┌─ Dataset excerpt

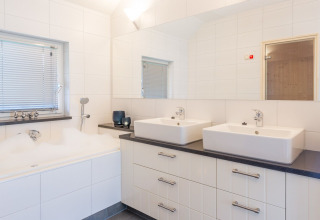 Baño moderno en Wellness Lodge XL con lavabo doble, bañera y azulejos blancos grandes en Hof van Salland.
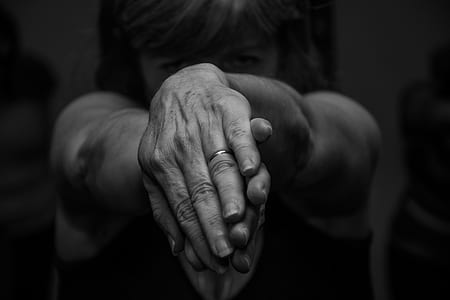 grayscale photography of woman twisting both hands thumbnail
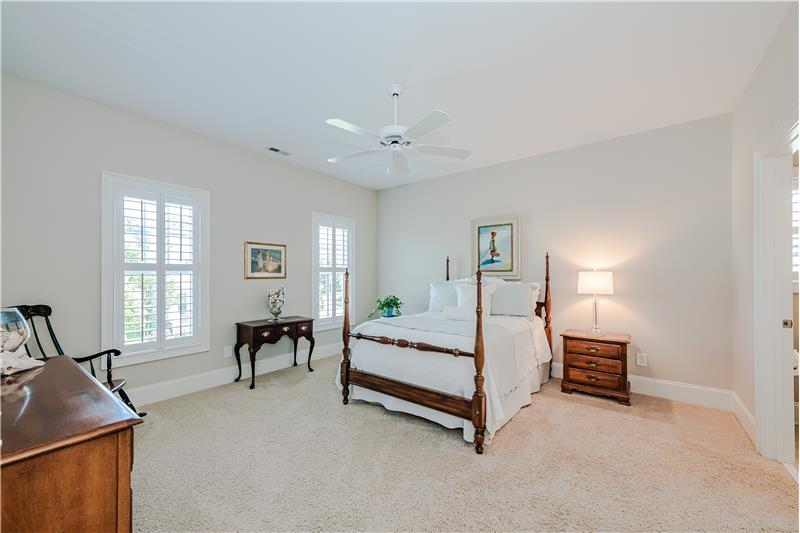 Spacious secondary bedroom features plantation shutters, neutral decor, ceiling fan, walk-in closet.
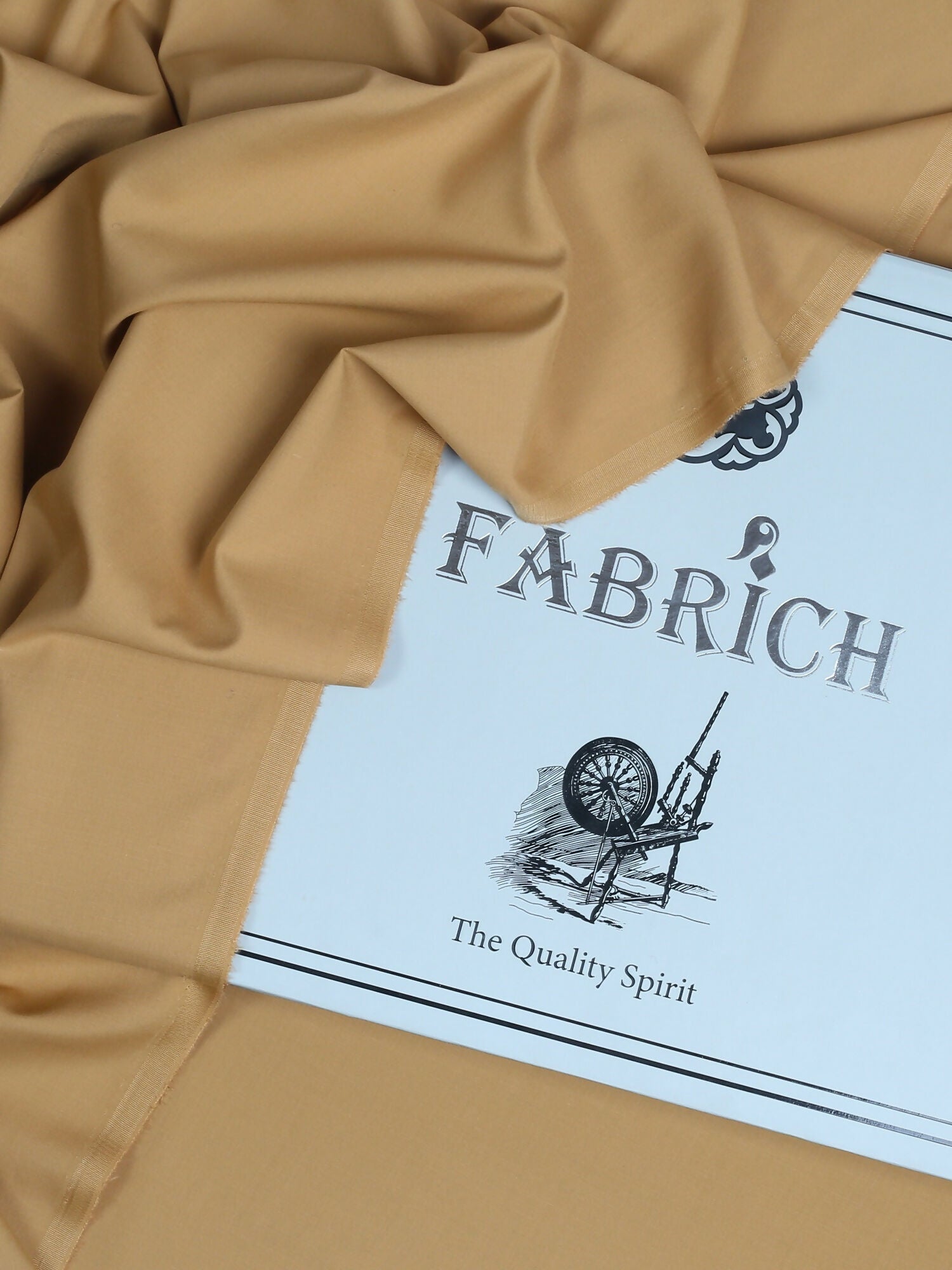 Mustard men’s unstitched wash n wear fabric by Fabrich, offering a luxurious soft-finish and refined details like designer buttons and brand label.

└─

Aim of the exercise: Nothing but the lines from the line with "grayscale photography of" through the last line of the listing should be copied, exactly and with both ends kept. Leave pictures out.

Written response:
 grayscale photography of woman twisting both hands thumbnail
 Spacious secondary bedroom features plantation shutters, neutral decor, ceiling fan, walk-in closet.
 Mustard men’s unstitched wash n wear fabric by Fabrich, offering a luxurious soft-finish and refined details like designer buttons and brand label.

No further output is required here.